Hi,
Thank you for looking at it .
On Sun, Oct 28, 2018 at 7:19 PM Tomas Vondra <[email protected]>
wrote:
>
> 1) I think this deserves at least some regression tests. Plenty of tests
> already use COPY, but there's no coverage for the new piece. So let's
> add a new test suite, or maybe add a couple of tests into copy2.sql.
>
>
> 2) In copy.sqml, the new item is defined like this
>
> <term><literal>WHEN Clause</literal></term>
>
> I suggest we use just <term><literal>WHEN</literal></term>, that's what
> the other items do (see ENCODING).
>
> The other thing is that this does not say what expressions are allowed
> in the WHEN clause. It seems pretty close to WHEN clause for triggers,
> which e.g. mentions that subselects are not allowed. I'm pretty sure
> that's true here too, because it fails like this (118 = T_SubLink):
>
> test=# copy t(a,b,c) from '/tmp/t.data' when ((select 1) < 10);
> ERROR: unrecognized node type: 118
>
> So, the patch needs to detect this, produce a reasonable error message
> and document the limitations in copy.sqml, just like we do for CREATE
> TRIGGER.
>
fixed
>
> 3) For COPY TO, the WHEN clause is accepted but ignored, leading to
> confusing cases like this:
>
> test=# copy t(a,b,c) to '/tmp/t.data' when ((select 100) < 10);
> COPY 151690
>
> So, it contains subselect, but unlike COPY FROM it does not fail
> (because we never execute it).
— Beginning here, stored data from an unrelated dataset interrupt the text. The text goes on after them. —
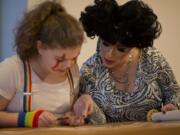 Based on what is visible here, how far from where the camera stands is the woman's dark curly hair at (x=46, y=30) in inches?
41.5

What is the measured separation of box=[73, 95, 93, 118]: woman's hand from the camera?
1.07 metres

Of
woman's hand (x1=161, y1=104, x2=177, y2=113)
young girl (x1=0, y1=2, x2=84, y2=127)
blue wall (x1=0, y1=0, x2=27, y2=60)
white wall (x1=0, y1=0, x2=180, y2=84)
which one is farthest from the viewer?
white wall (x1=0, y1=0, x2=180, y2=84)

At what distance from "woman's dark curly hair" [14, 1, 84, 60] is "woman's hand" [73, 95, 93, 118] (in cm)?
18

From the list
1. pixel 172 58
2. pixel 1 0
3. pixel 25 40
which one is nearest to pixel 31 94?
pixel 25 40

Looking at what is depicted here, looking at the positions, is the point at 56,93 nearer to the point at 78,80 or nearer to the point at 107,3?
the point at 78,80

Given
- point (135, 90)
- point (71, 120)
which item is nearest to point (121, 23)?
point (135, 90)

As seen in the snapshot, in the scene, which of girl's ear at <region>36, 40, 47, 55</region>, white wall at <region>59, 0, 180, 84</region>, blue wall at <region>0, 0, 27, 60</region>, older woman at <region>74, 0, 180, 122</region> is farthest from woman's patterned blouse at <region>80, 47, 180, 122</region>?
white wall at <region>59, 0, 180, 84</region>

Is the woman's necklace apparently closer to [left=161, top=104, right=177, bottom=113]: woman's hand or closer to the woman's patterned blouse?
the woman's patterned blouse

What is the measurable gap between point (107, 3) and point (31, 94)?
0.46 metres

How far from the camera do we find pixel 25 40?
1101mm

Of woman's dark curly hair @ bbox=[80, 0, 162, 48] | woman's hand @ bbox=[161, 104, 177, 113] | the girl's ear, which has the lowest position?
woman's hand @ bbox=[161, 104, 177, 113]

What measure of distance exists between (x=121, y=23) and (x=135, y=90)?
25 centimetres

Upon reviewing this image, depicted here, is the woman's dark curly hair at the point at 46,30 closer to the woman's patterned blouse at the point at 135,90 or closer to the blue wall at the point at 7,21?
the woman's patterned blouse at the point at 135,90

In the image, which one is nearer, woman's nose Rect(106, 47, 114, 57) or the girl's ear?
the girl's ear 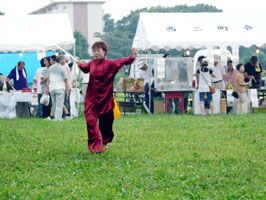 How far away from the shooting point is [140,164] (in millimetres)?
7973

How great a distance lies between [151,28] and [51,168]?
11907mm

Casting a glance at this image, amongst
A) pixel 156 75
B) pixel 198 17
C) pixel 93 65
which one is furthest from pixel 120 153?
pixel 198 17

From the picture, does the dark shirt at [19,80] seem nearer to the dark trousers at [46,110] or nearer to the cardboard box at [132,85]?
the dark trousers at [46,110]

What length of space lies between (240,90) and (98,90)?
8907 mm

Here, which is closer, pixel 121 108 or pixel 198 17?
pixel 121 108

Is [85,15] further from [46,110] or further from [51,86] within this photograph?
[51,86]

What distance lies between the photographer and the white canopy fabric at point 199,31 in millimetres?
18859

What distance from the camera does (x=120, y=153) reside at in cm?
906

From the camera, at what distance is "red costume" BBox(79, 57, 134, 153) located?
29.7 feet

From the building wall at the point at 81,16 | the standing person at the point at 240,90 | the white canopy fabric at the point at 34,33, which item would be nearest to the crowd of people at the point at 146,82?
the standing person at the point at 240,90

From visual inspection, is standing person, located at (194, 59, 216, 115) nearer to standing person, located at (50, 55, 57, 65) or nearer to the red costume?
standing person, located at (50, 55, 57, 65)

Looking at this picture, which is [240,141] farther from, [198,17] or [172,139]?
[198,17]

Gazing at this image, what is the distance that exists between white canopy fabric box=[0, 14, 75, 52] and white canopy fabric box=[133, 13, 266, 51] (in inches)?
109

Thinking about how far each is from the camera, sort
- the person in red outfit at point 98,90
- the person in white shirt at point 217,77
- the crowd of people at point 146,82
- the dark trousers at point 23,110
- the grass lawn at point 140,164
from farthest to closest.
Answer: the dark trousers at point 23,110 → the person in white shirt at point 217,77 → the crowd of people at point 146,82 → the person in red outfit at point 98,90 → the grass lawn at point 140,164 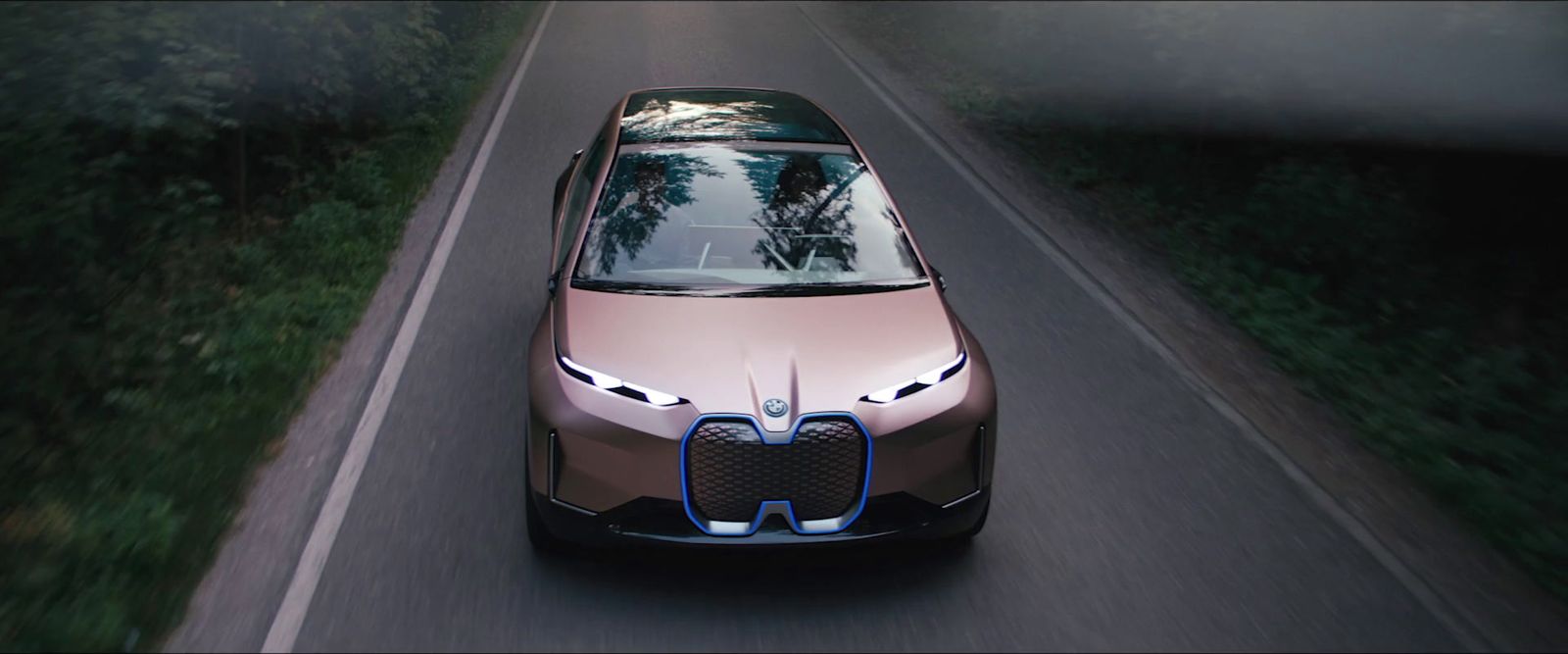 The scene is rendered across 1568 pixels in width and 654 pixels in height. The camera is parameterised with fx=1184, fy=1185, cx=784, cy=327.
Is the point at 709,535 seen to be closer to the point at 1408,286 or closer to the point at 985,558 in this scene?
the point at 985,558

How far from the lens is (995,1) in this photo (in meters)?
22.7

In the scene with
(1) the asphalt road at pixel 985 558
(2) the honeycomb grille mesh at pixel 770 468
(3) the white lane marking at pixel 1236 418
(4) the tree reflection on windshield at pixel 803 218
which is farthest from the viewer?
(4) the tree reflection on windshield at pixel 803 218

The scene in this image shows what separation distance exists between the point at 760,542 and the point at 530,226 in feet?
21.5

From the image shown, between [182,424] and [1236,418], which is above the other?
[1236,418]

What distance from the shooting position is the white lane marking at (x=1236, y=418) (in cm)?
496

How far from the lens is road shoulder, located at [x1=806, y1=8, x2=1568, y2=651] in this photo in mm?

The fun part is that the expression is
> logically false, so a user might expect it to filter rows, yet we copy
> everything.
>
> IMHO we need to either error-out in these cases, complaining about WHEN
> not being supported for COPY TO, or make it work (effectively treating
> it as a simpler alternative to COPY (subselect) TO).
>
English is not my first language but I chose error-out because WHEN
condition for COPY TO seems to me semantically incorrect
>
> AFAICS we could just get rid of the extra when_cluase variable and mess
> with the cstate->whenClause directly, depending on how (3) gets fixed.
>
I did it this way because CopyState structure memory allocate and
initialize in BeginCopyFrom but the analysis done before it
>
> 5) As I mentioned, the CREATE TRIGGER already has WHEN clause, but it
> requires it to be 'WHEN (expr)'. I suggest we do the same thing here,
> requiring the parentheses.
>
>
> 6) The skip logic in CopyFrom() seems to be slightly wrong. It does
> work, but the next_record label is defined after CHECK_FOR_INTERRUPTS()
> so a COPY will not respond to Ctrl-C unless it finds a row matching the
> WHEN condition. If you have a highly selective condition, that's a bit
> inconvenient.
>
> It also skips
>
> MemoryContextSwitchTo(GetPerTupleMemoryContext(estate));
>
> so I wonder what the heap_form_tuple() right after the next_record label
> will use for tuples right after a skipped one. I'd bet it'll use the
> oldcontext (essentially the long-lived context), essentially making it
> a memory leak.
>
> So I suggest to get rid of the next_record label, and use 'continue'
> instead of the 'goto next_record'.
>
> fixed
> regards
>
> --
> Tomas Vondra http://www.2ndQuadrant.com
> PostgreSQL Development, 24x7 Support, Remote DBA, Training & Services
>
diff --git a/doc/src/sgml/ref/copy.sgml b/doc/src/sgml/ref/copy.sgml
index 13a8b68d95..f9350afcdb 100644
--- a/doc/src/sgml/ref/copy.sgml
+++ b/doc/src/sgml/ref/copy.sgml
@@ -25,6 +25,7 @@ PostgreSQL documentation
COPY <replaceable class="parameter">table_name</replaceable> [ ( <replaceable class="parameter">column_name</replaceable> [, ...] ) ]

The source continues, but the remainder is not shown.